And Last But Not Least album review column
Grant Moon has a rummage down the back of the Prog sofa for the ones that nearly got away...
Bristol-based James McKeown was in the Prog-endorsed Hi Fiction Science, and now he’s making music solo under the name Hawksmoor (self-released). The album is billed as “a hauntological imaginary soundtrack [exploring] the mysterious cartographic connections between the six Hawksmoor churches in London”. Lofty and arcane, this subject matter’s brought to electronic life with Moogs, tape loops, sparse choral vox and guitar, making for an atmospheric sprawl of ideas utterly evocative of its theme.
The Omnific are a young trio from Melbourne making a pleasing math rock/djenty din. They are drummer Jerome Lematua and – count ’em – two bassists, Matthew Fackrell and Tobey Peterson-Stewart. New EP Kismet is funky, melodic and virtuosic, with keys and effects adding depth, but as is often the case in this genre there’s a sense that the compositions are dictated by the players’ technique rather than the other, more artistic, way round.
Mew, Nik Kershaw and Scritti Politti all crossed my mind when listening to Hello Moth’s convincing, self-released three-track EP, Nebula Songs. This one-man band from Calgary, Alberta has had success in Canada, and the sumptuous synth harmonies here show off his assured producer nous. It’s sweet, catchy and just unsettlingly inventive enough to make it into our arena. But we’ll deduct a few points for Mr Moth not revealing his real name. That’s just silly...
Formed 13 years ago, Russian band Kauan are based in Ukraine and sing in Finnish. The lyrics on their tender, dramatic release Kaiho (kauanmusik) were written by Finnish folk singer Marja Mattlar and are delivered gently and meaningfully by founder Anton Belov. The band’s icy atmospherics – reverberating synths, echoing pianos, ethereal female voice and guitars – cool the parts that Anathema also reach, and if Kaiho is a softer addition to the band’s canon, it’s a worthy gateway to their soundworld.
It’s easy to see what once led Super Furry Animals’ Gruff Rhys to produce Lancaster duo The Lovely Eggs. They’re edgy and leftfield, and dial up the space and punk rock on their current LP, This Is Eggland (Egg Records). Produced by Dave Fridmann (Mercury Rev, The Flaming Lips), it’s a hard and invigorating celebration of being an outsider. (That's all of us, isn't it?)

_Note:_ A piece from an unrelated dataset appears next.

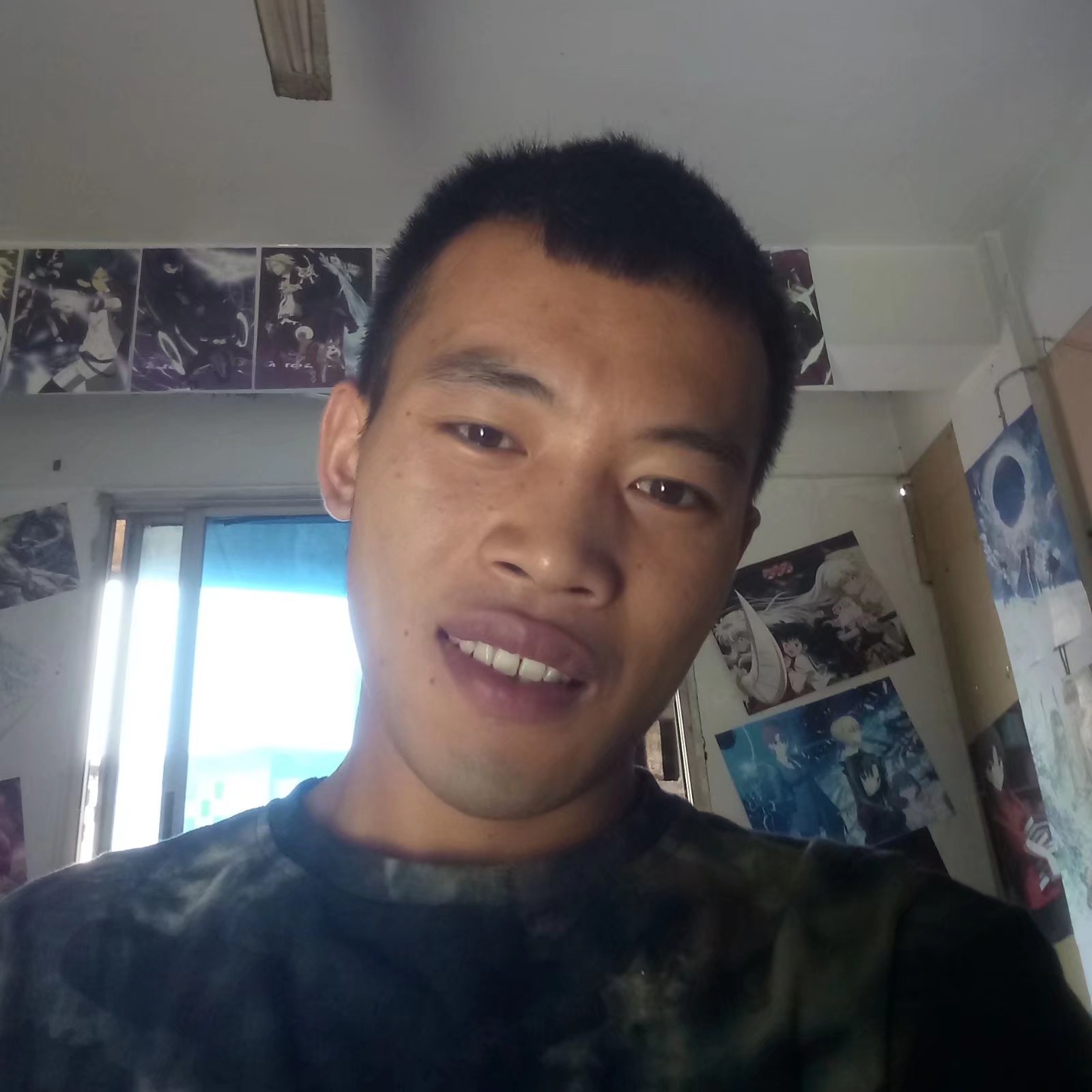 忐忐忑忑郝的照片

But my pick of the crop this month is Not A Drawing, the third, self-released offering from New York’s pop psychonaut Daniel Carlson. Cloudy People is the wonderful lysergic opener, lolloping slowly on like Jeff Lynne on diazepam. Those solid shapes just beyond the dreamy, acidic haze could be Ben Folds or Grandaddy, even World Party, but the circa- ’67 psych is enhanced by some luscious, proggy chord voicings and changes (I See You There, Just Like Nothing). Famed producer Michael Leonhart suggested Carlson make it “less Paul McCartney, more Pink Floyd”. He sort of achieves both on this lovely, listenable album.